» **WHAT NEEDS TO BE DONE**
After locating the line that contains "キングラム 六甲道店の公式サイト", output that line and each one following it, exactly, to the end of the entries. No pictures.

» **DATA PROVIDED**
=====

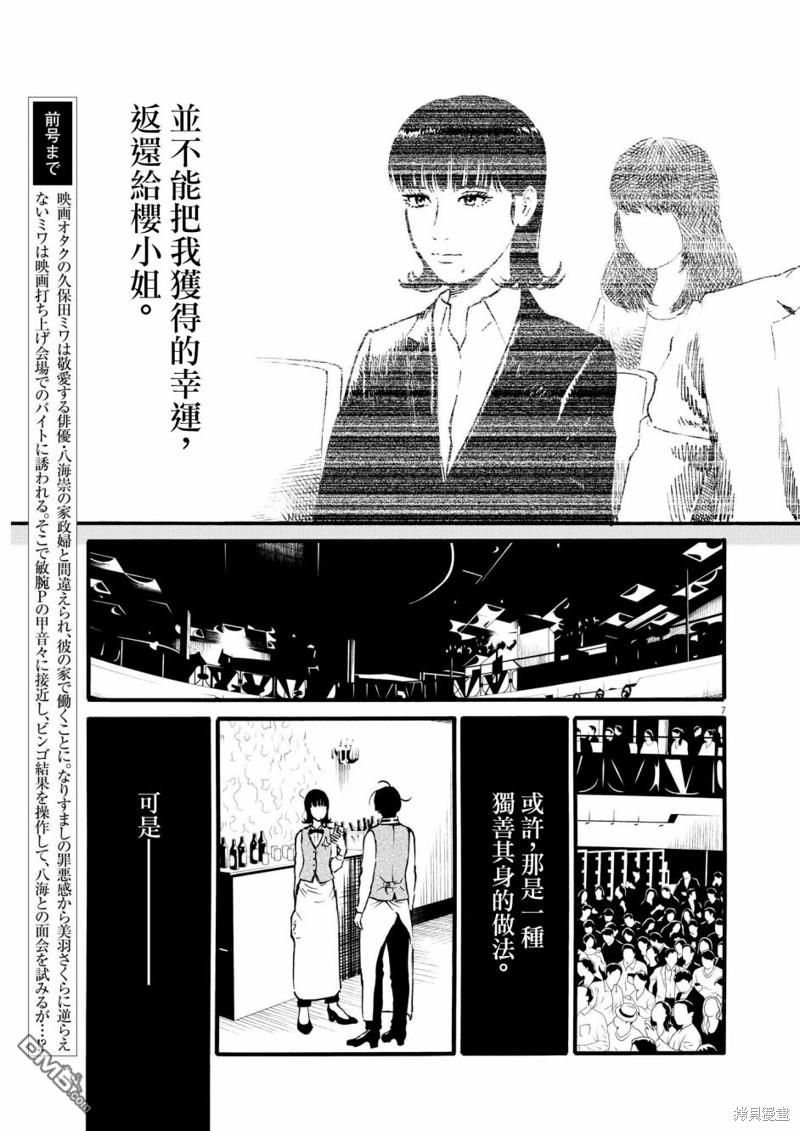 假装我是美羽小姐 第66话 第7页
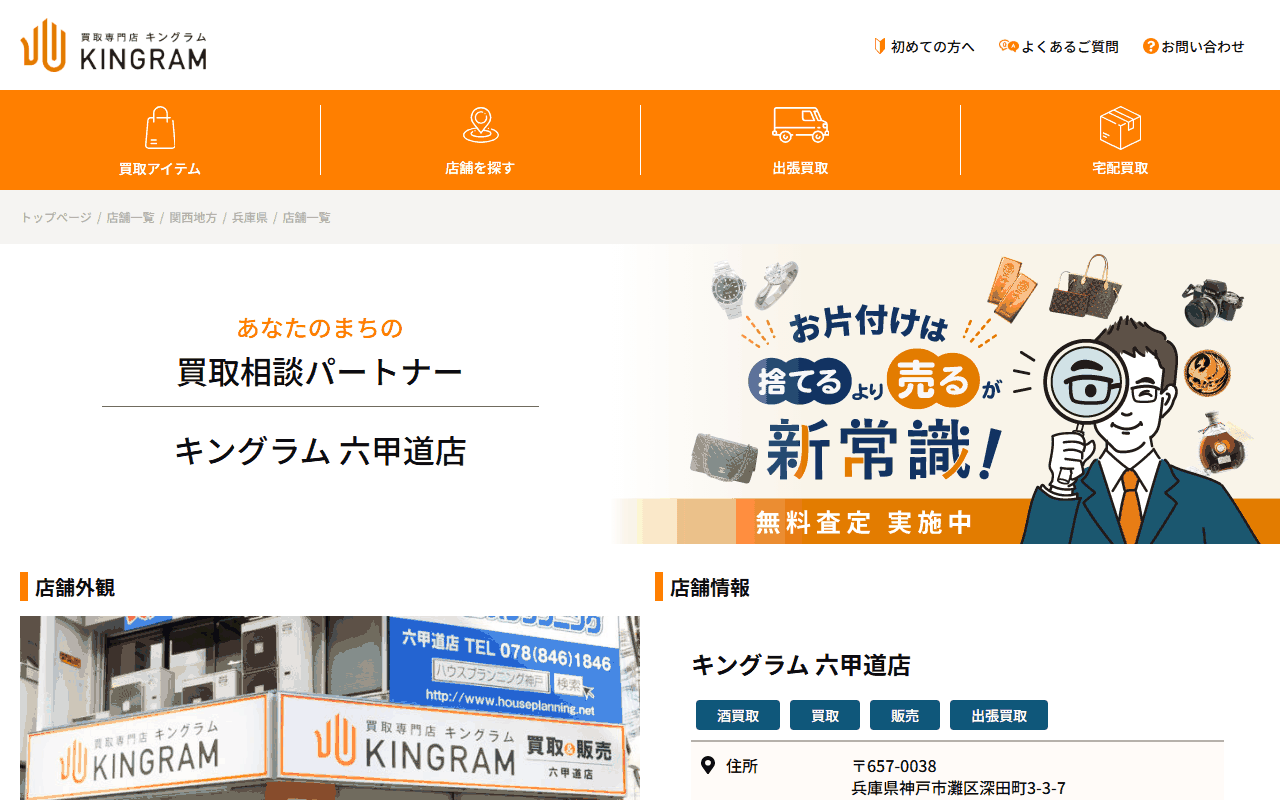 キングラム 六甲道店の公式サイト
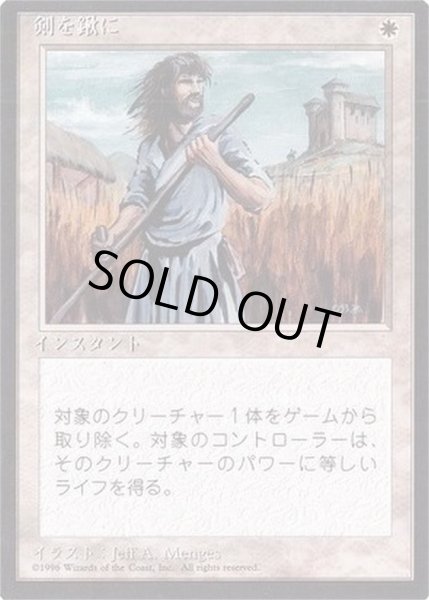 画像1: [EX](黒枠)剣を鍬に/Swords to Plowshares《日本語》【4ED】 (1)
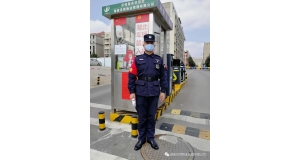 淺析物業管理的分類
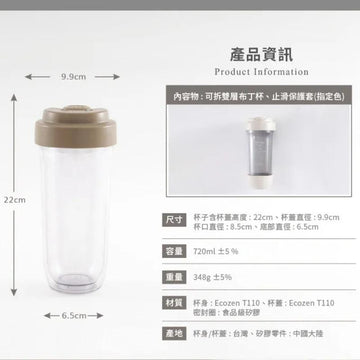 Oolab Vacuum Flasks Oolab Double Wall Double Cup EcoZen Tumbler 720ml Oolab Double Wall Double Cup EcoZen Tumbler 720ml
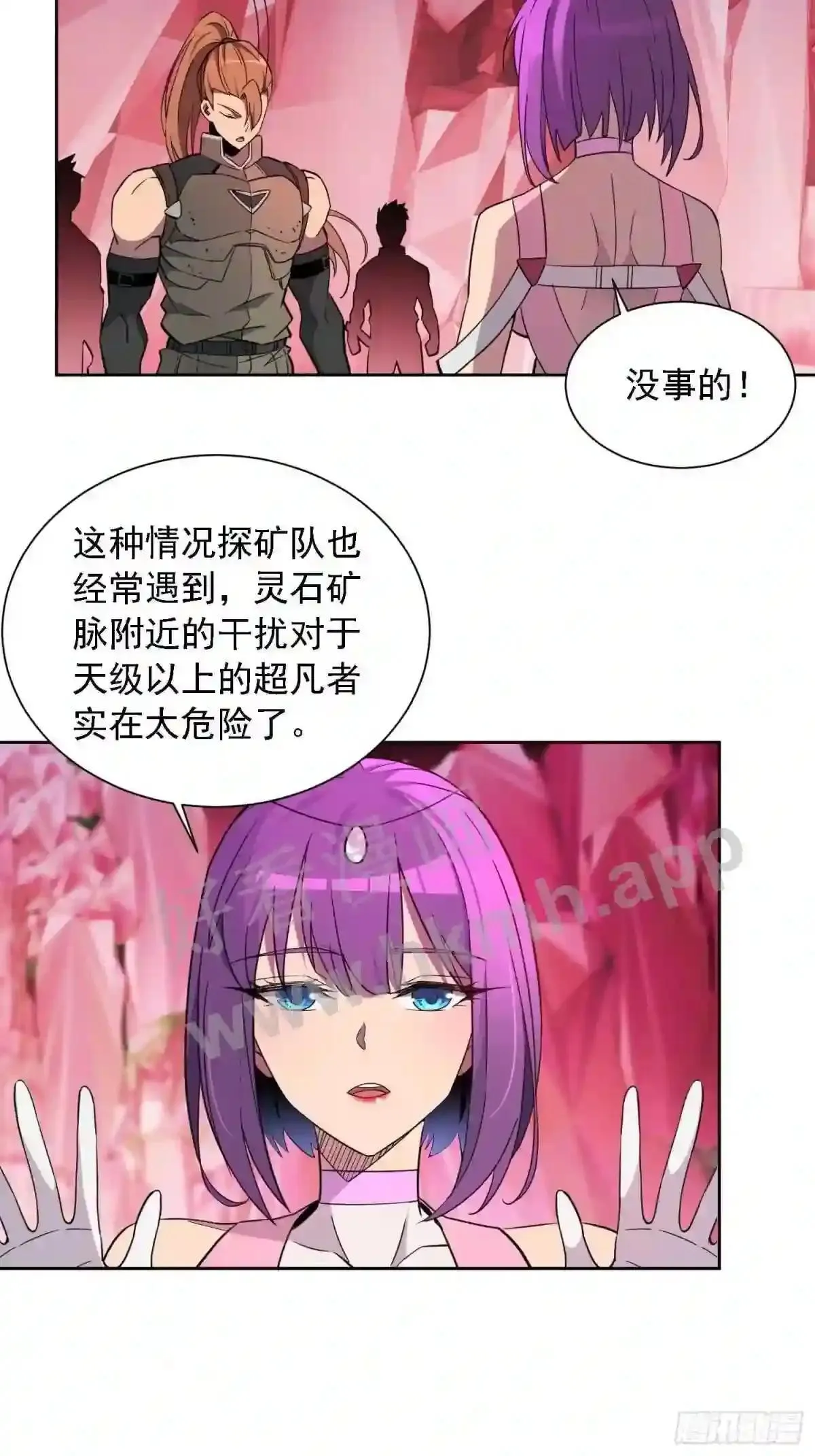 第157话 捷足先登23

=====

» **RESPONSE BOX**
 キングラム 六甲道店の公式サイト
 画像1: [EX](黒枠)剣を鍬に/Swords to Plowshares《日本語》【4ED】 (1)
 淺析物業管理的分類
 Oolab Vacuum Flasks Oolab Double Wall Double Cup EcoZen Tumbler 720ml Oolab Double Wall Double Cup EcoZen Tumbler 720ml
 第157话 捷足先登23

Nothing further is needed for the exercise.